All teams would continue to participate in the provincial championships and AllIreland qualifiers.
The new structure should bring an overall boost in championship attendances.
While income from the new group stage could be expected to exceed the gate receipts generated currently by the quarter-finals structure, it would be important to introduce a generous low-price ticket policy for supporters and families attending the group games.
The new structure should increase commercial and broadcast income from the AllIreland senior football championship. A significant proportion of this increase should be ring-fenced for development of our games in less successful counties.
The new structure would guarantee eight additional major games at venues within the provinces, which is particularly important in the context of the Association’s investment in stadiums other than Croke Park. In addition, the playing of decisive matches of the championship in provincial venues would counter the Dublin-centred bias of the current structure. It would also be likely to bring top teams to provincial venues that they would never otherwise visit in the championship.
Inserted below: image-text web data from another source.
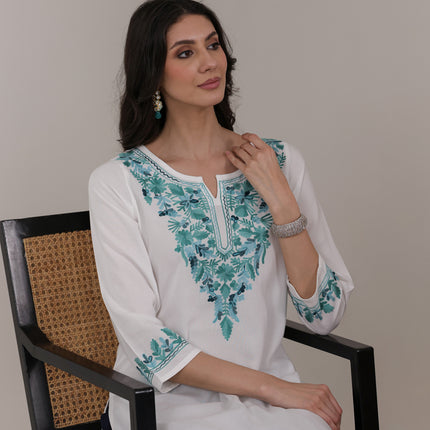 Qazmi Women's Noor Kashmiri Aari Work Straight Kurta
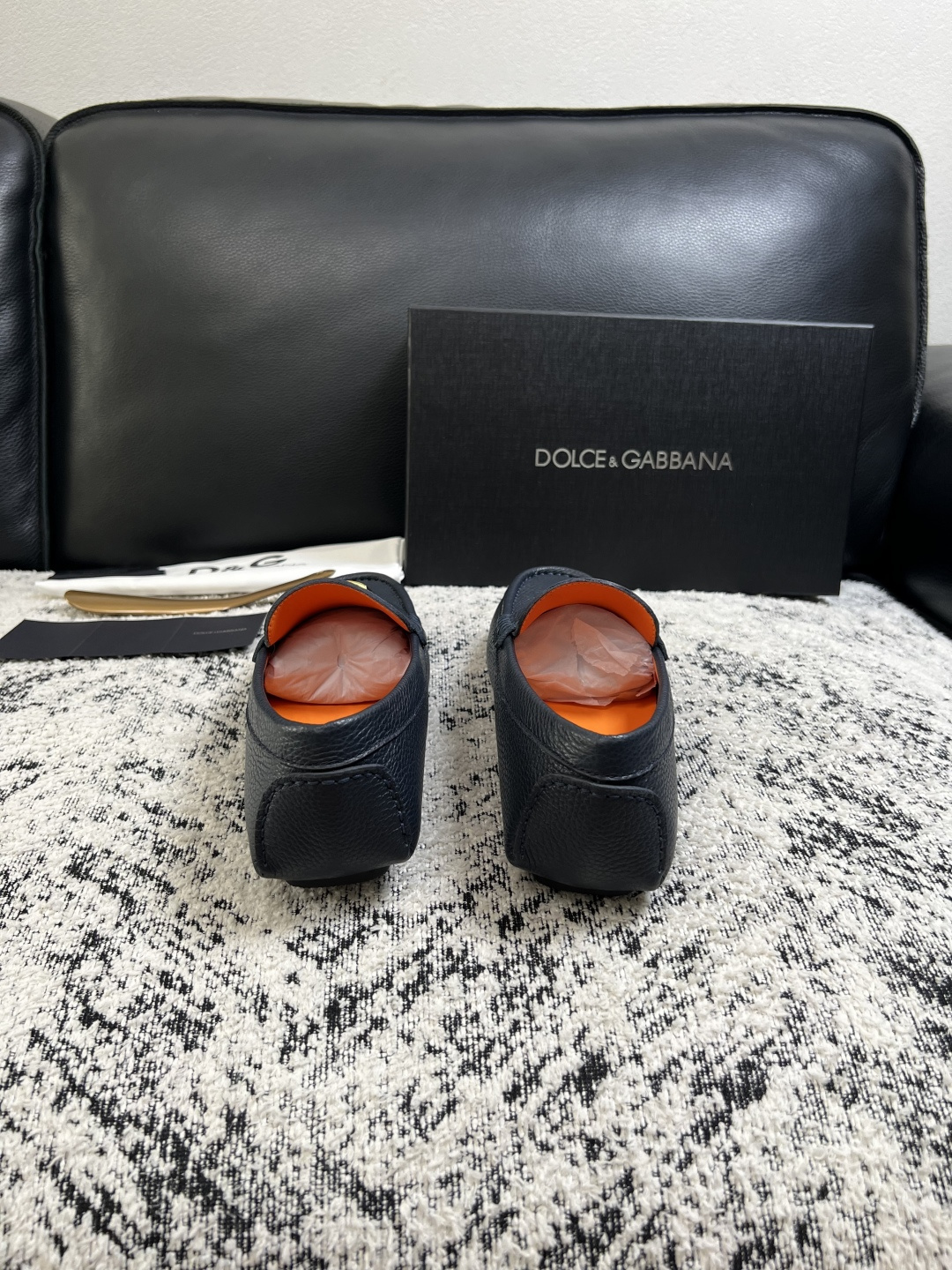 Dolce & Gabbana   高品质  顶级工艺品  杜嘉班纳 爆款豆豆鞋专柜新品同步，鞋面意大利进口牛皮面料，高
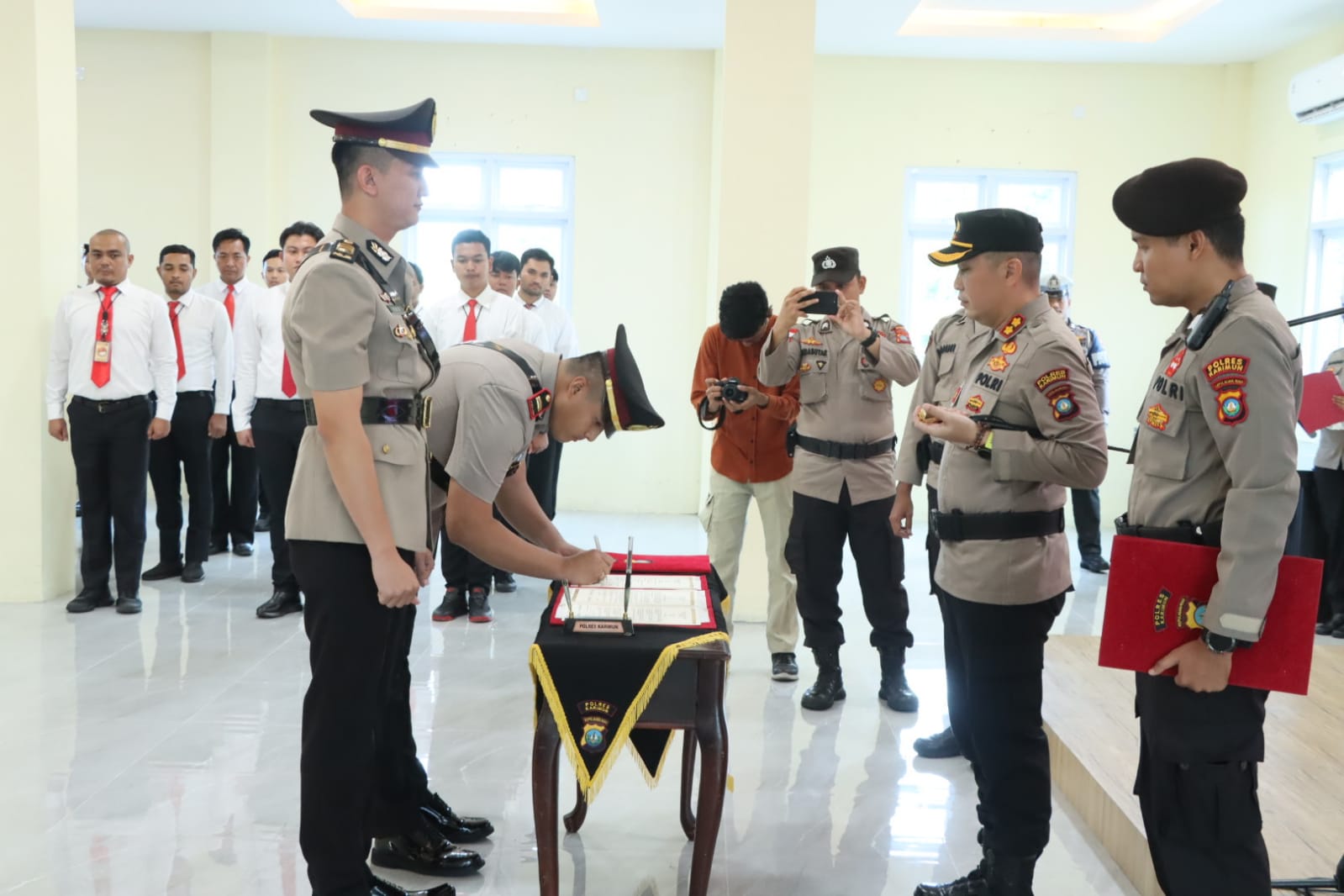 Polres Karimun melakukan rotasi jabatan Kabagops, Kompol Anak Agung Made Winarta dan Kasat Lantas, AKP Eko Aprianto.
The traditionally less strong counties would be favoured by their being granted homevenue advantage in rounds one, two and three of the qualifiers. This would represent a significant benefit and encouragement to these counties and would provide them with attractive home fixtures.
The fixtures schedule (see Appendix 1) demonstrates how, with minimal changes, the new proposed structure could have been played in 2016. This is not necessarily the best available schedule. It is simply based on eliminating the semi-finals in the Allianz Football League (which has already been agreed), bringing forward the finals of the Allianz Leagues (the football final by two weeks and the hurling final by one week), and, in the Ulster football championship, playing the preliminary game and one first round game on the same weekend. The schedule shows how the All-Ireland hurling final could have been played on 21 August. This is two weeks earlier than at present.
It will be noted that the final round of games in the group stage, which eliminates four teams, would be played one week later than the last of the quarter-finals in the current structure. However, twenty-four teams would have been eliminated from the football championship by the third week in July. This is two weeks earlier than at present. This is a critical point, as it is much more beneficial for clubs to have their county players available to them in July and August. In the period between the end of the Allianz League and the beginning of the championship, county players are rarely available to their clubs; the only period when clubs can be guaranteed access to their county players is when the county team is eliminated from the championship.
This proposed modification of the structure of the championship highlights once again the critical need to introduce comprehensive reform of our inter-county fixtures scheduling, but also the opportunities that exist to do so – there is clearly scope to further condense the fixtures schedule at both provincial and All-Ireland level by playing more games over a single weekend and by shortening the gaps between games. This would, in turn, redress the current imbalance between the amount of training and number of games. No re-structuring of the championship will be acceptable that does not contribute to a re-balancing of the inter-county fixtures schedule in favour of clubs.
Extra time should be played in the event of a draw in all provincial and All-Ireland championship games. Only when teams are level after extra time should a replay take place. This change alone would have a very positive impact on the scheduling of both inter-county and club fixtures and would reduce the instances where counties are adversely affected by ‘the six-day turnaround’.